Cheguei a Primeiro de Maio, há duas semanas, disposto a investigar mãe e filhas. Mas logo às primeiras falas da entrevistada, mudei de ideia. A importância de Vera e de Milton na cidade que escolheram para viver é tamanha que outro assunto não poderia se sobrepor a esse. Deixei a pauta de lado e fiz o que deveria fazer: recolhi o testemunho daquela senhora admirável, uma legítima pioneira, sobre sua relação com cada palmo daquele chão. A curitibana bem nascida da Rua Pedro Ivo tinha se tornado uma pé-vermelho. Eis um bom assunto.
Foi fácil encontrar a casa onde Vera e o marido vivem. Bastou perguntar onde ficava a “chacrinha” do doutor Milton. Todo mundo sabe quem é. Lá estava ela: cerca vermelha, gramado bem cuidado, a Represa do Capivara ao fundo. A conversa se deu num cantinho que a anfitriã escolheu. Reza a lenda que se uma entrevista transcorre no espaço que o entrevistado considera mais aconchegante, as chances de êxito são maiores. Pode não ser regra, mas foi o caso. Vera elegeu a biblioteca, sentou em sua poltrona predileta e começou do início.
Soube sobre os Biscaia – nome de solteira de Vera – dos Vianna Baptista, da vida na chácara, da paixão por Milton, dos filhos e netos, mas principalmente da militância daquela mulher de 82 anos, cabelos brancos e raciocínio rápido sobre a implantação de programas de saúde e ação social na cidade.
Tudo o que é informe a respeito de postos de puericultura, maratonas para abrir Apaes, pedido de ajuda a autoridades, vinha entremeado por histórias saborosas sobre gente que Vera encontrou pelo caminho. Narradora por excelência, falou-me de alguns portadores de deficiência com o mesmo carinho dedicado aos seus. Andava queimada por uma jovem deficiente física demitida do Correio.
O trabalho por esse grupo foi tamanho entre os anos 50 e 90 – quando o casal decidiu se recolher – que lá pelas tantas Vera percebeu que sua casa tinha se tornado a rua: “Certa vez comprei poltronas novas, lindas. Um dia me dei conta que nunca havia me sentado nelas”. E prosseguiu, sem lamúria de dona de casa: ela não tinha chegado a Primeiro de Maio para descansar ou tomar café com as amigas.

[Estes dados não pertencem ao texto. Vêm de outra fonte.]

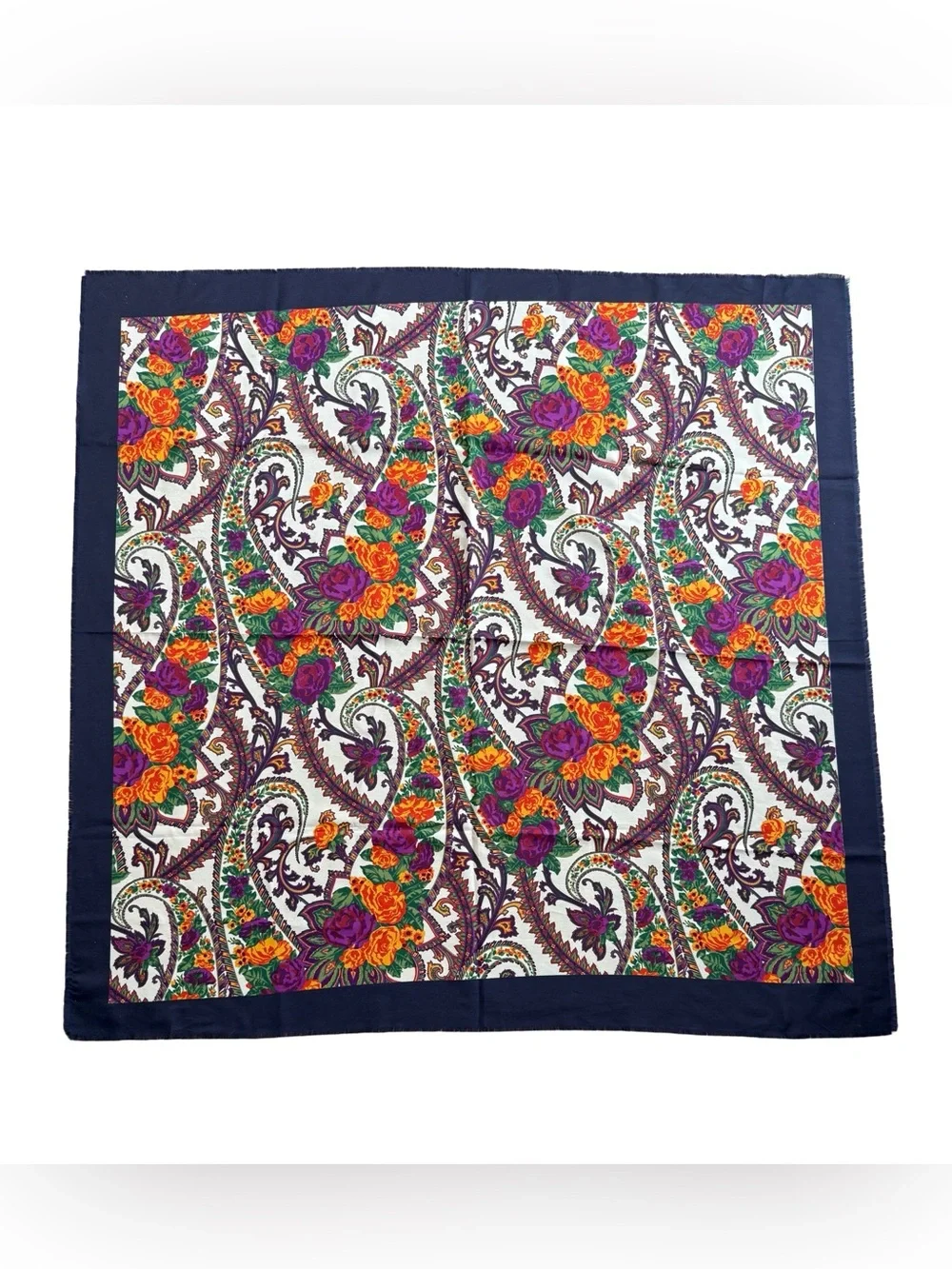 Vintage CHALLIS by Berkshire Floral Paisley Scarf Wrap Navy Multi 45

Tenho cá para mim que as histórias de Vera são perfeitas para um perfil – e estimularia a quem quer que possa fazer mais e mais outro sobre ela: a vida dessa personalidade paranaense junta paixão, originalidade, ação no mundo, emoção, conflitos à flor da pele. Impossível não se comover com essa avó que fala de tudo, absolutamente, pelo que é: humano.
Digo mais: os anos de Vera em Primeiro de Maio são um belo estudo de caso para uma pá de situações, da vida pública e da vida privada. Por eles, pode-se especular a ocupação do interior paranaense e a saga dos pioneiros naquele Paraná então recém-nascido. Vera e Milton confirmam: o território empoeirado do Norte, habitado por gente de tudo que é canto, era estimulante demais. Eles se sentiam fazendo parte de algo diferente e definitivo. Daí a entrega, sem hora para dormir ou para sentar.
Mas não é tudo: a história de Vera é uma história sobre as mulheres, sobre os costumes, sobre a saúde pública, sobre a educação. Ela é inspiração para umas tantas conversas. Daí o prazer que tantos, e tão diferentes, têm em conhecê-la. Para isso serve um perfil.